Bir Başkadır Zindanda Bayram
Google News'te Doğruhaber'e abone olun. 

Muhammed Şakir / Doğruhaber

Zindan, Müslüman, bayram etrafında bir hasbihale ne dersiniz? Bildiğiniz gibi Türkiye zindanlarında bugün hâlâ yüzlerce Müslüman mahkûm var. Siyasi olanlarından söz ediyorum. En azı 10 yıllıktır. 20 yıldır içeride olanları da var. Bir nesil 20 yıl ise, işte bu Müslümanlar tam bir nesildir zindanlarda. Halkının ekseriyeti Müslüman, şimdilerde idareciler de dindar bilinen bir ülkede oluyor bunlar.

Bazı insanlar bilmeyebilir belki, fakat Allah biliyor ki, bu Müslümanların tek suçları Müslümanca yaşamak istemeleri ve bu uğurda çalışıp çabalamalarıdır. Ancak bu ülkenin kanun ve kuralları Müslümanca yaşamayı kabul etmiyor, suç sayıyor. Siz Allah rızası için çabalarken, bu çabanız Allah’tan başka tanrıların, putların ve putlaştırılanların rızasıyla kafa kafaya gelip çarpışıyor… Sonra da siz kendinizi zindanda bulmuş oluyorsunuz.
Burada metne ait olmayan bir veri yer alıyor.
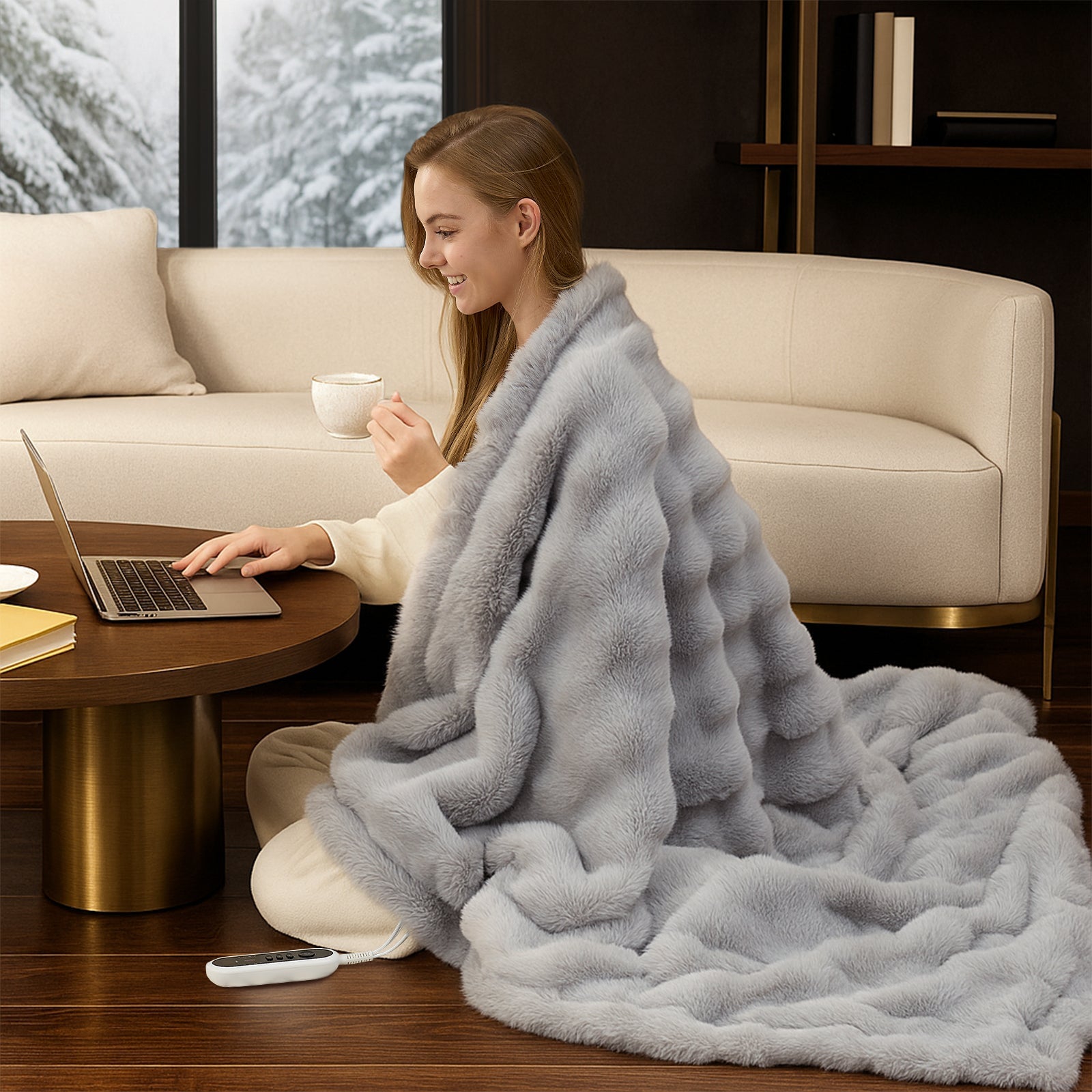Woman using a laptop with a bubble faux fur electric blanket in Light Grey, creating a warm and comfortable workspace #color_Light Grey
Yoksa bazı STK’lara verilen 50-100 yıllık hapis cezalarını ne ile izah edersiniz…

Biz asıl konumuza dönelim. Zindan, Müslüman, bayram…
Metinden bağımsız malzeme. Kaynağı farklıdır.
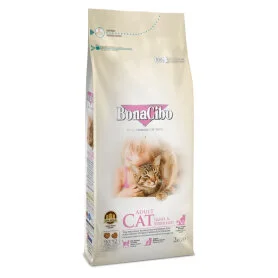 Сухий суперпреміум корм BonaCibo Cat Adult Light & Sterilized - для дорослих стерилізованих котів та кішок із зайвою вагою, з м'ясом курки, анчоусами і рисом 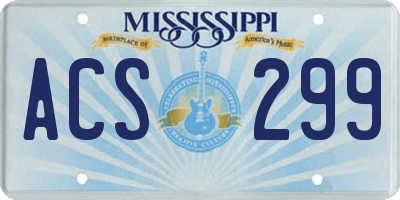 MS license plate ACS299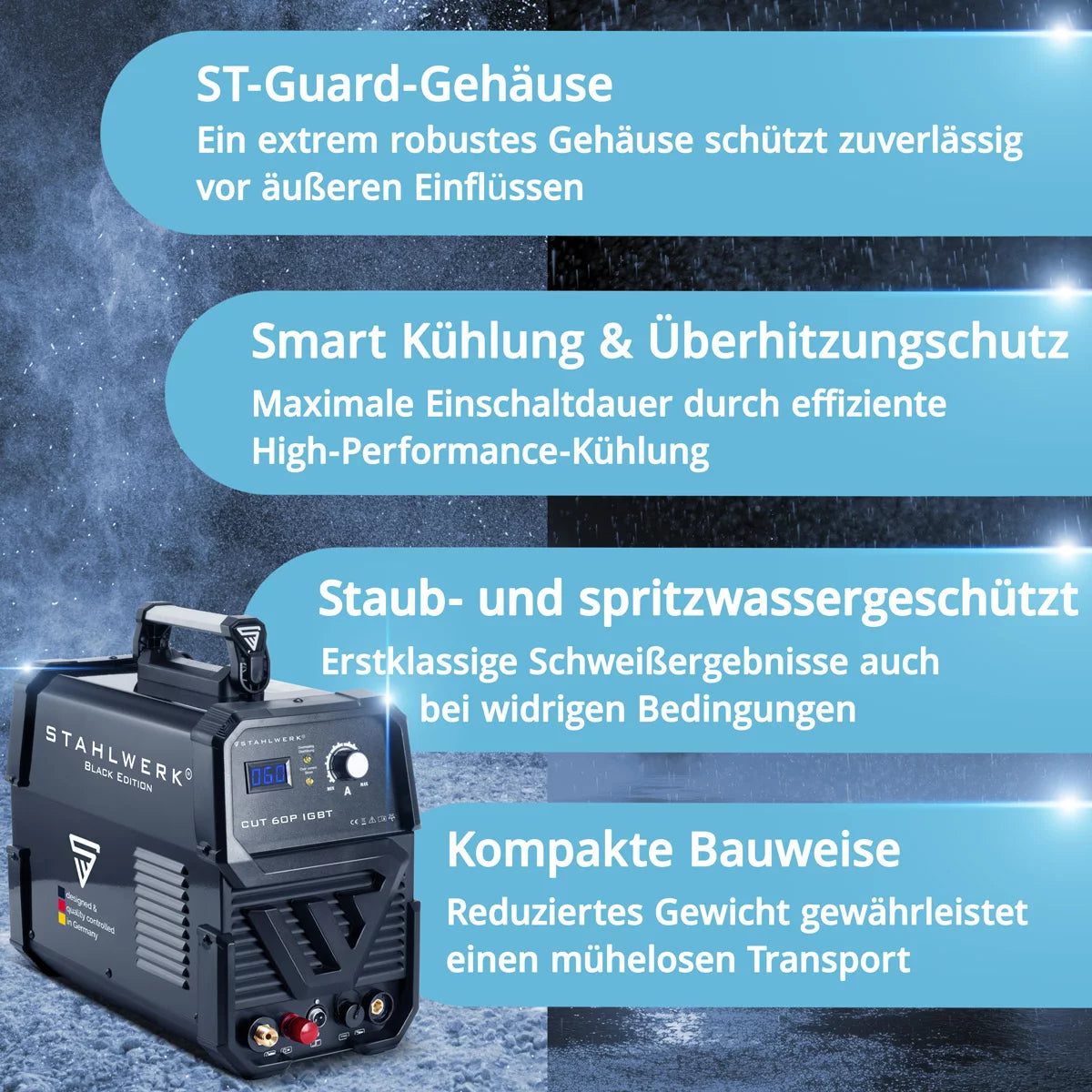 STAHLWERK CUT 60 Pilot IGBT Vollausstattung Plasmaschneider mit 60 Ampere Pilotzündung, bis 24 mm Schneidleistung, für lackierte Bleche & Flugrost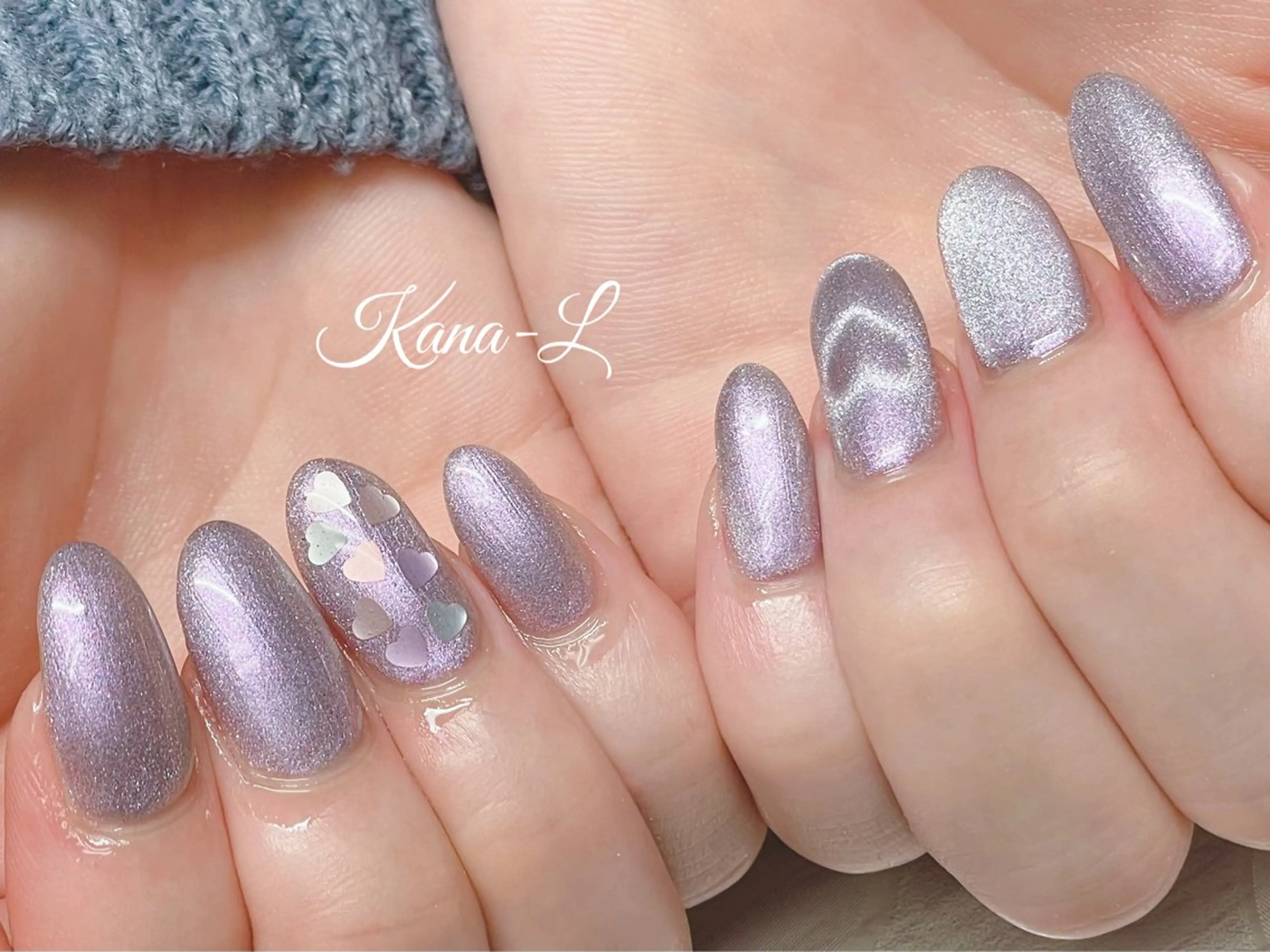 ネイル ジェルネイル ハート マグネットネイル パラジェル 芦辺 香奈のネイルデザイン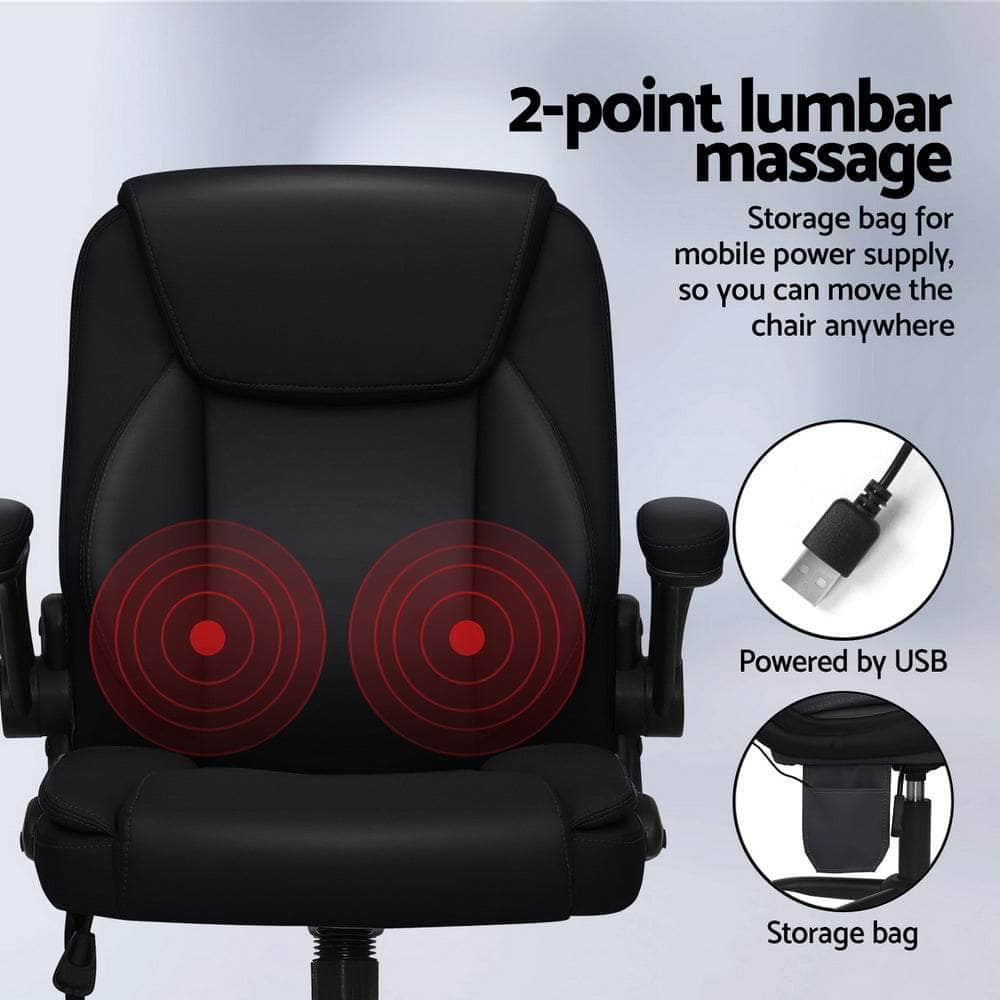 2 Point Massage Office Chair Leather Mid Back Grey/Sand/Black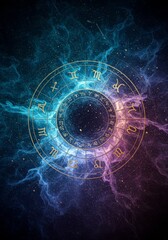 Abstract Digital Illustration of Zodiac Symbols in a Cosmic Nebula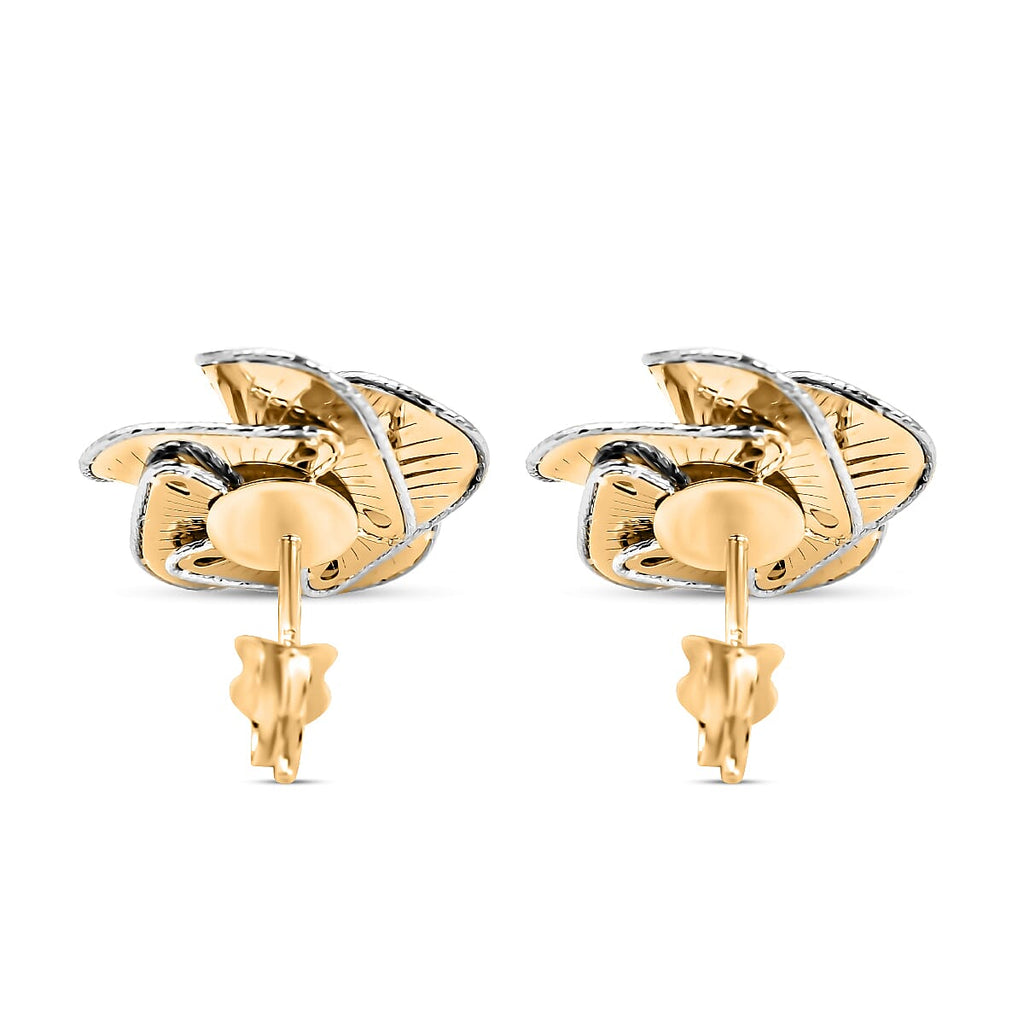 9K Yellow Gold Floral Stud Earrings (with Push Back)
Bayramın gerçekten kendine has bir iklimi var, doğrudur daha o gelmeden kalbimizde, ruhumuzda latif bazı kıpırdamalar, kabarmalar olur. Küçüğü-büyüğü, hepimiz bunu hissederiz. Telaşı ve heyecanı, sevenci ve hüznü, özlemi ve yoğun manevi havasıyla bayram, gerçekten müstesna bir gündür. Rabbani bir ikram olduğu âşikâr. Zindanda ya da dışarıda, hemen her Müslüman aşağı-yukarı bu duyguları yaşar. Zindandakiler bunu biraz daha farklı yaşayabilirler. O da âzad olmayışlarından, özgürlüklerinin kayıtlar altında olmasındandır. Yoksa bayramdaki mesajı yaşamada herhangi bir farklılık olmaz. İbrahim (as)’ı anmadan, İsmail (as)’ le konuşmadan. Bunlarsız bir bayram olmaz. İtaat, teslimeyet, tevekkül ve fedekârlıklarla alâkalı pratik sonuçlar çıkarmadan yapamayız. Akrabalarımızı, komşularımızı, yoksul, yetim ve muhtaçlarımızı düşünmeden edemeyiz. Dışarıdakiler bunu fiilî yaparlar, zindandakiler dualarıyla…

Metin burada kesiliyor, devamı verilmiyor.